For more information on the Databricks CLI, see the Databricks documentation.

Step 1.3: Create a workflow script

To launch the workflow on Azure Databricks, we need a single Python script as the entry point. Hence, we'll create a main.py script that invokes the Anovos' workflow runner:

import sys
from anovos import workflow

workflow.run(config_path=sys.argv[1], run_type="databricks")

Upload this script to DBFS as well using either of the methods described above. Again, you can place this file at a location of your choosing. In this tutorial, we have placed it at dbfs:/FileStore/tables/scripts/main.py.

Step 1.4: Configure and launch an Anovos workflow as a Databricks job

There are several types of jobs available on the Azure Databricks platform. For Anovos, the following job types are suitable choices:

"Python:" The job runs from a single Python script. Anovos and the required Scala dependencies are installed through the respective package repositories.
"Spark Submit:" The job is invoked through a bare spark-submit call. The installation of Anovos is handled by a cluster initialization script and the required Scala dependencies have to be provided as JAR files through DBFS.

Note that there are several limitations for "Spark Submit" tasks: You can only run them on new clusters and autoscaling is not available. For more information, see the Databricks documentation on jobs.

Unless you require the fine-grained control that this option offers with regard to cluster initialization and spark-submit options, we recommend to select "Python" as the job type.

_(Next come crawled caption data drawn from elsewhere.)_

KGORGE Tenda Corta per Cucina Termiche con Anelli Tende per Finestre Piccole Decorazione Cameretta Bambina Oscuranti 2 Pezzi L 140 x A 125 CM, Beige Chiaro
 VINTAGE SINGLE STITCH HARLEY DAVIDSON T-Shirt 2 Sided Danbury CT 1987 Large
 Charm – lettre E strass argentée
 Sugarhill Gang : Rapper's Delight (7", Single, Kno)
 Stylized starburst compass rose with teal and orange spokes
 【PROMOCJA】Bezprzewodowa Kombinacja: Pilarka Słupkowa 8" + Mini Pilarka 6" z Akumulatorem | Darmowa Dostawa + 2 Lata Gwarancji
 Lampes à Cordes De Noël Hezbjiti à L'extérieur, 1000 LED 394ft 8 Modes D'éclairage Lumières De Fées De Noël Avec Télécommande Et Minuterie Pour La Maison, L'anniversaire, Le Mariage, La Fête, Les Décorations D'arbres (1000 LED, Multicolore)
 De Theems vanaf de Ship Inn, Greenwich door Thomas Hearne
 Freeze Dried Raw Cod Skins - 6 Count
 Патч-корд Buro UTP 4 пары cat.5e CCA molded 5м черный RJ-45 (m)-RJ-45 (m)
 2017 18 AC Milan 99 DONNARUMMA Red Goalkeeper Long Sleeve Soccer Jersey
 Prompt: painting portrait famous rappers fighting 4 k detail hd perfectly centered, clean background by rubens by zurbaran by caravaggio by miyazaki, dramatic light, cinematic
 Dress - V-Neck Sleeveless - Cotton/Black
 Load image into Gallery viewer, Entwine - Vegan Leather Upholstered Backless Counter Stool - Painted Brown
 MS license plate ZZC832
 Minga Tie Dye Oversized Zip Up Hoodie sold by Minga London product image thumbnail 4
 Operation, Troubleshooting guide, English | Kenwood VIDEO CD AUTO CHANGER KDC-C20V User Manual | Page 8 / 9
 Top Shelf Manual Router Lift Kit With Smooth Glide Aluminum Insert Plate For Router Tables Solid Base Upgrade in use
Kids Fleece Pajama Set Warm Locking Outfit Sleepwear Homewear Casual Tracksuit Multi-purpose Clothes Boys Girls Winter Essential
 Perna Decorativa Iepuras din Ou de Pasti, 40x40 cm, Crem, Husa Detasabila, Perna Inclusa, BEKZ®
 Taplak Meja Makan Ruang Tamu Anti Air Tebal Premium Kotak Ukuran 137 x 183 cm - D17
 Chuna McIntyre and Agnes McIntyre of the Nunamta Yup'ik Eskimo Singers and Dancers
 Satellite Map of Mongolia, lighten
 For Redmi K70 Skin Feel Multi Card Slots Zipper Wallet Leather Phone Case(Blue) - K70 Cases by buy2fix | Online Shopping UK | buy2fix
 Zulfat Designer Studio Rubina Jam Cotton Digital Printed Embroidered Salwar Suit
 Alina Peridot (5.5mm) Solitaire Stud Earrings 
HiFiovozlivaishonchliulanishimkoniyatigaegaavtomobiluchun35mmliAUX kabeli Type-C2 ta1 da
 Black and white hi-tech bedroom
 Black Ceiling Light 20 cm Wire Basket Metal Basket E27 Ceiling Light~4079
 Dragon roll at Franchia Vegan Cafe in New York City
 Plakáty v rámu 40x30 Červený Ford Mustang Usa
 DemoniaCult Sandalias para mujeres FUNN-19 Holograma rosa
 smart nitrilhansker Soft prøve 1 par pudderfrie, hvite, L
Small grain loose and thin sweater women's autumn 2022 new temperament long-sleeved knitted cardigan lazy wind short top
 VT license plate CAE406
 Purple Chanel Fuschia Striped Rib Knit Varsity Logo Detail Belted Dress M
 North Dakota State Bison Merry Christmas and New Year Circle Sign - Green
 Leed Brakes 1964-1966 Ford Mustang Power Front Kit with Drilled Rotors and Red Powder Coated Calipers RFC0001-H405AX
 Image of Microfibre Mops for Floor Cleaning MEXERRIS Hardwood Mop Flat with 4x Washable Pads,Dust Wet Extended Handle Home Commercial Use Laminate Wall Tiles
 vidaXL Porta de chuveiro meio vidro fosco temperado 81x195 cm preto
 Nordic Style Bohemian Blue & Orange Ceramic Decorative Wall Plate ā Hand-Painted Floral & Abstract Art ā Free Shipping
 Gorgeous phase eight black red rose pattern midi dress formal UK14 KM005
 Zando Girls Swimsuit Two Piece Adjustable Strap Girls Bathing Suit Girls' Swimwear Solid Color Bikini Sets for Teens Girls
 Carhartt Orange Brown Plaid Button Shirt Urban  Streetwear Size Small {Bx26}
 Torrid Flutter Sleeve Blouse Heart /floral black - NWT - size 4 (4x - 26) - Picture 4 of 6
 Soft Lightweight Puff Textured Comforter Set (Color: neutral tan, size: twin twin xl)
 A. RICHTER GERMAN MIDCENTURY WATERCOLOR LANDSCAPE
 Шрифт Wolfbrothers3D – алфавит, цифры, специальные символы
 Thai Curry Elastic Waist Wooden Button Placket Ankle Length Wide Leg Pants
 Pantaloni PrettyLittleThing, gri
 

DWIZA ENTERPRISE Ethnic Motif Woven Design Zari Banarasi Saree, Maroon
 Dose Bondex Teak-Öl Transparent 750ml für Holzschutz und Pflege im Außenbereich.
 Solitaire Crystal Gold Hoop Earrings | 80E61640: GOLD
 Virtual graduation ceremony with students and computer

1.4.1: Using the "Python" job type

Once all files have been copied to DBFS, we can create an Azure Databricks job that starts a cluster and launches the Anovos workflow.

Here's an example of a job configuration:

You can see that we set the "Type" to "Python" and have provided the path of the main.py script. In the parameters section, we pass the DBFS path of the config file.

The cluster configuration comprises settings for the Databricks Runtime, the number of workers, worker and driver types, as well as the cluster's scaling behavior.

Here's an example of a cluster configuration for this tutorials:

For more detailed information, refer to the Databricks documentation.

To give the Databricks platform access to Anovos, click on "Advanced options" and select "Add dependent libraries" in the Job Configuration Window.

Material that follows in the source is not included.